If bdev write counters increase but NVMe transport queued/completion counters do not, the I/O may not be reaching the NVMe transport path you think it is. If queued requests increase but completions do not, inspect transport health, qpair state, network/RDMA errors, target-side NVMf stats, and tracepoints.

NVMe-oF Target Stats

If SPDK is serving storage through NVMe-oF, use:

scripts/rpc.py nvmf_get_stats

From lib/nvmf/nvmf_rpc.c:

static void
_rpc_nvmf_get_stats(struct spdk_io_channel_iter *i)
{
	struct rpc_nvmf_get_stats_ctx *ctx = spdk_io_channel_iter_get_ctx(i);
	struct spdk_io_channel *ch;
	struct spdk_nvmf_poll_group *group;

	ch = spdk_get_io_channel(ctx->tgt);
	group = spdk_io_channel_get_ctx(ch);

	spdk_nvmf_poll_group_dump_stat(group, ctx->w);

	spdk_put_io_channel(ch);
	spdk_for_each_channel_continue(i, 0);
}

The target stats RPC walks I/O channels for the target. For each channel, it gets the poll group and asks the transport to dump stats. This is a direct source explanation for why target stats are poll-group oriented.

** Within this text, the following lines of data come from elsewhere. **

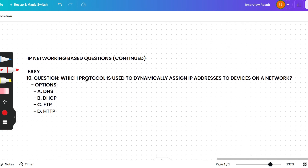The last question of this session is IP network based: Which protocol is used to dynamically assign IP addresses to devices on a network? Options are DNS, DHCP, FTP, or HTTP. The correct answer is option B — DHCP, the Dynamic Host Configuration Protocol, which is used to dynamically assign IP addresses to devices on a network.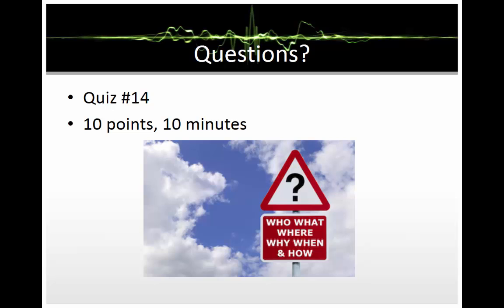Please make sure that you complete quiz number fourteen. You will have ten minutes to complete the quiz and it will be worth ten points.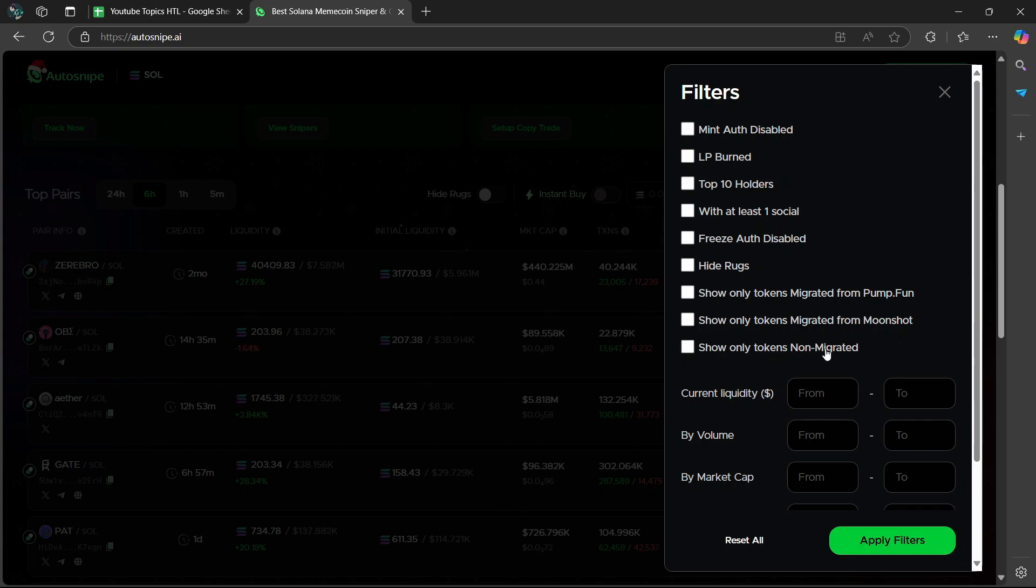Show only tokens not migrated as it filters tokens that haven't been migrated. It is recommended to leave this off as it is only optional unless you actually need it.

The RDMA transport maintains poller counters:

From lib/nvmf/rdma.c:

struct spdk_nvmf_rdma_poller_stat {
	uint64_t				completions;
	uint64_t				polls;
	uint64_t				idle_polls;
	uint64_t				requests;
	uint64_t				request_latency;
	uint64_t				pending_free_request;
	uint64_t				pending_rdma_read;
	uint64_t				pending_rdma_write;
	uint64_t				pending_rdma_send;
	struct spdk_rdma_provider_qp_stats	qp_stats;
};

This tells you what the target can expose:

• completions reaped from the RDMA completion queue.
• total polls and idle polls.
• requests observed.
• accumulated request latency ticks.
• pending counters for data transfer and send stages.
• provider-level send/recv work request counters.

The poller increments some of these counters here:

/* Poll for completing operations. */
reaped = ibv_poll_cq(rpoller->cq, 32, wc);
if (spdk_unlikely(reaped < 0)) {
	SPDK_ERRLOG("Error polling CQ! (%d): %s\n",
		    errno, spdk_strerror(errno));
	return -1;
} else if (reaped == 0) {
	rpoller->stat.idle_polls++;
}

rpoller->stat.polls++;
rpoller->stat.completions += reaped;

If polls rises and idle_polls rises with no completions, the poller is running but not finding RDMA completions. That might be normal during idle time. Under load, it points you toward network, qpair, host, or target queue state.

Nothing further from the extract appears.